## SOURCE DATA:
= Beginning of Section =

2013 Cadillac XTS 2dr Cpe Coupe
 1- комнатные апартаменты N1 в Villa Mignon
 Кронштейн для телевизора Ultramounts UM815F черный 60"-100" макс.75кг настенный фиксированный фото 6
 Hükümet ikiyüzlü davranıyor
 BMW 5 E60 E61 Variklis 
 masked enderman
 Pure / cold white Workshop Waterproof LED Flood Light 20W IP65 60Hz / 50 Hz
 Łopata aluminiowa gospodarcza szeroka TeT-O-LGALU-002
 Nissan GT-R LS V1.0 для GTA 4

= End of Section =
= Beginning of Section =

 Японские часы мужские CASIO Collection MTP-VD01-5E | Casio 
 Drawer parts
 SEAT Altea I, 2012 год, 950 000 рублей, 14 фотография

= End of Section =
= Beginning of Section =

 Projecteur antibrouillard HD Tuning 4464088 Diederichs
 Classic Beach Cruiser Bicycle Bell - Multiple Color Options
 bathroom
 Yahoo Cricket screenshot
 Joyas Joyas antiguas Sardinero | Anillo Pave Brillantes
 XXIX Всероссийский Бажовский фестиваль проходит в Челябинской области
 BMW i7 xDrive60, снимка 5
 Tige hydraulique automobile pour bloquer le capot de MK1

= End of Section =

## TO DO:
In the entries above, please find the line with "2013 Cadillac XTS 2dr Cpe Coupe" and the line with "Nissan GT-R LS V1.0 для GTA 4", then write out exactly those two lines and every line between them, and nothing more.

## SOLUTION FOR THIS PROBLEM:
2013 Cadillac XTS 2dr Cpe Coupe
 1- комнатные апартаменты N1 в Villa Mignon
 Кронштейн для телевизора Ultramounts UM815F черный 60"-100" макс.75кг настенный фиксированный фото 6
 Hükümet ikiyüzlü davranıyor
 BMW 5 E60 E61 Variklis 
 masked enderman
 Pure / cold white Workshop Waterproof LED Flood Light 20W IP65 60Hz / 50 Hz
 Łopata aluminiowa gospodarcza szeroka TeT-O-LGALU-002
 Nissan GT-R LS V1.0 для GTA 4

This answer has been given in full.